**Available data**:
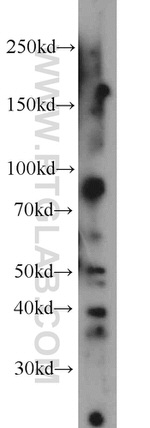 CA12 Antibody in Western Blot (WB)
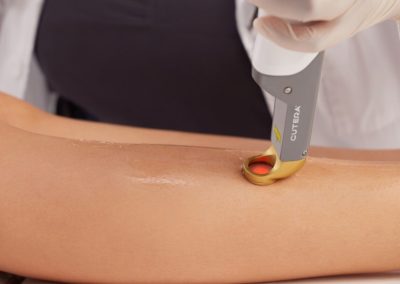 Laser – Epilazione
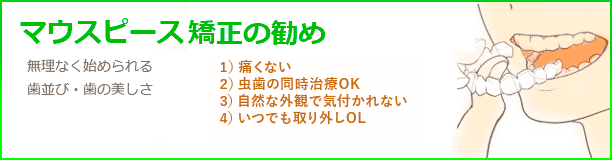 マウスピース矯正の勧め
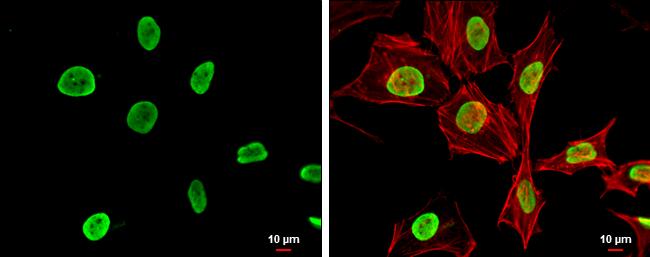 Histone H4 [ac Lys12, ac Lys16, ac Lys8, ac Lys5] Antibody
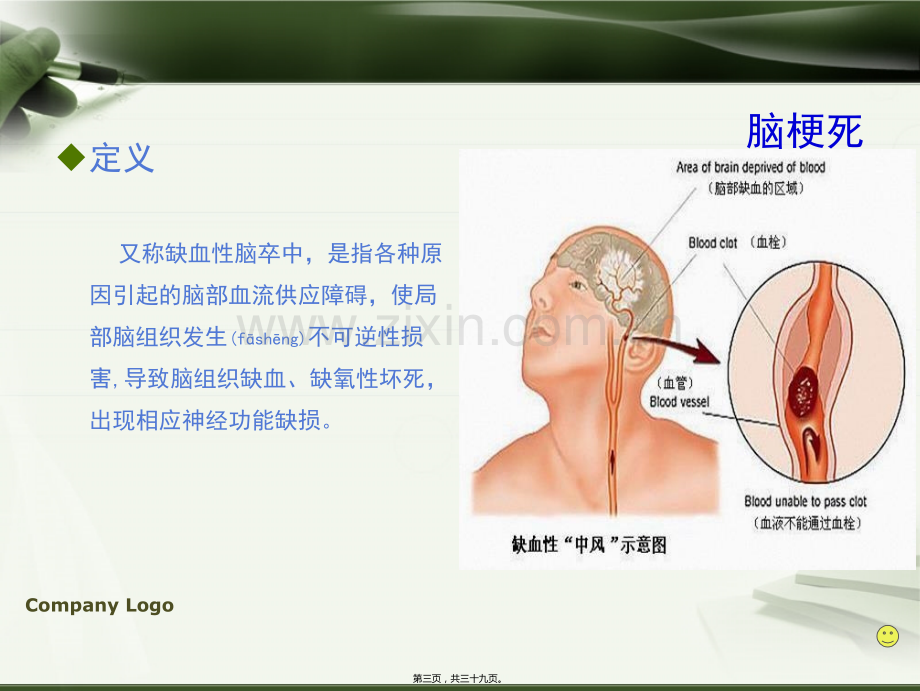 学术讨论—脑梗死诊治规范.ppt_第3页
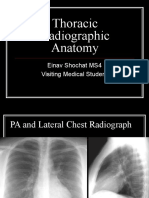 Thoracic Radiographic Anatomy: Einav Shochat MS4 Visiting Medical Student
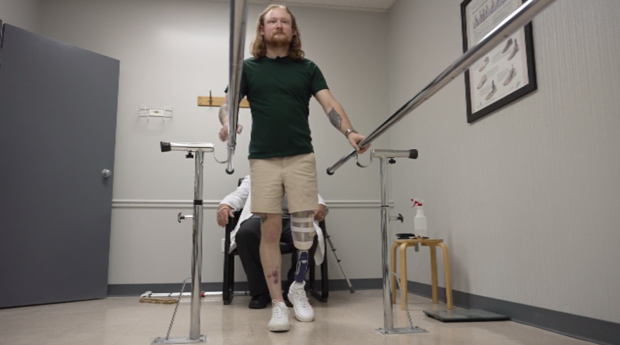 <i>WBBM via CNN Newsource</i><br/>Reum allowed CBS 2's cameras to capture him taking his very first steps without his crutches. Prosthetist Norbert Fliess coached him through it. Reum will need hours of therapy to get him up to speed.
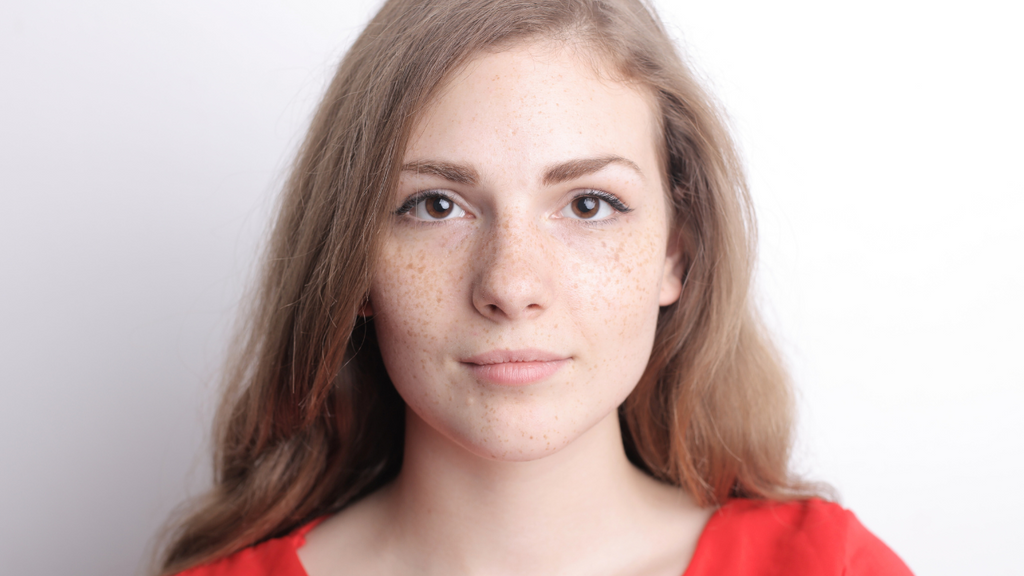 A young woman with sunspots on her face shows the effects of sun exposure.
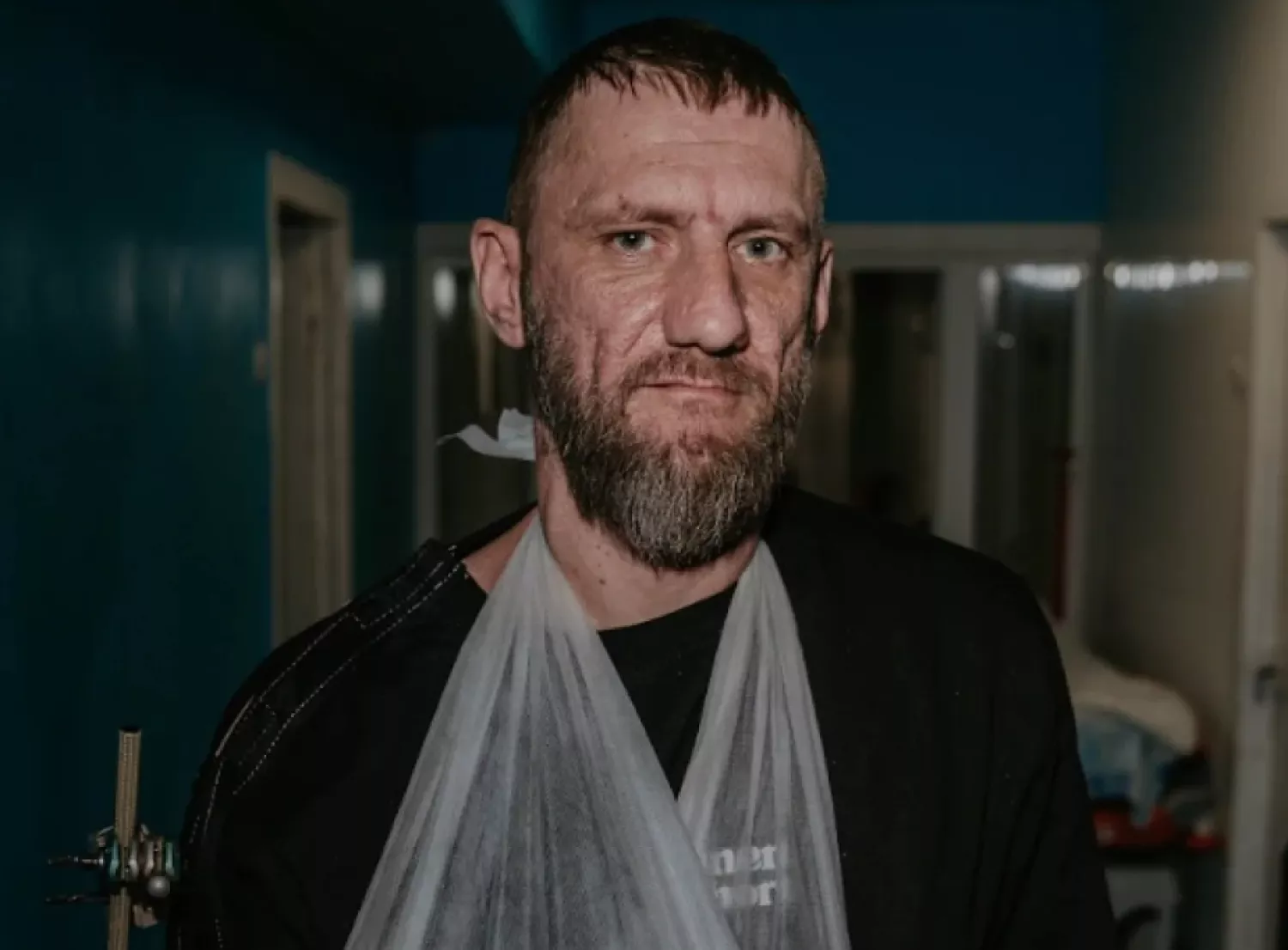 У Черкасах врятували руку військового, який після поранення пройшов 25 км до евакуації. Фото: NV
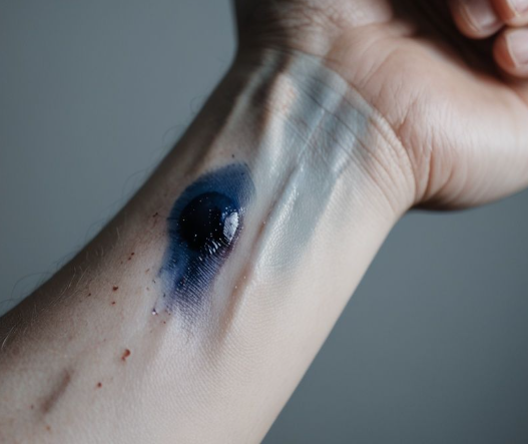 이유없는 멍이들때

**Problem to solve**: An exact restatement is expected of the lines from the line containing "У Черкасах врятували" to the end of the data above, pictures excluded.

**Expected answer**:
 У Черкасах врятували руку військового, який після поранення пройшов 25 км до евакуації. Фото: NV
 이유없는 멍이들때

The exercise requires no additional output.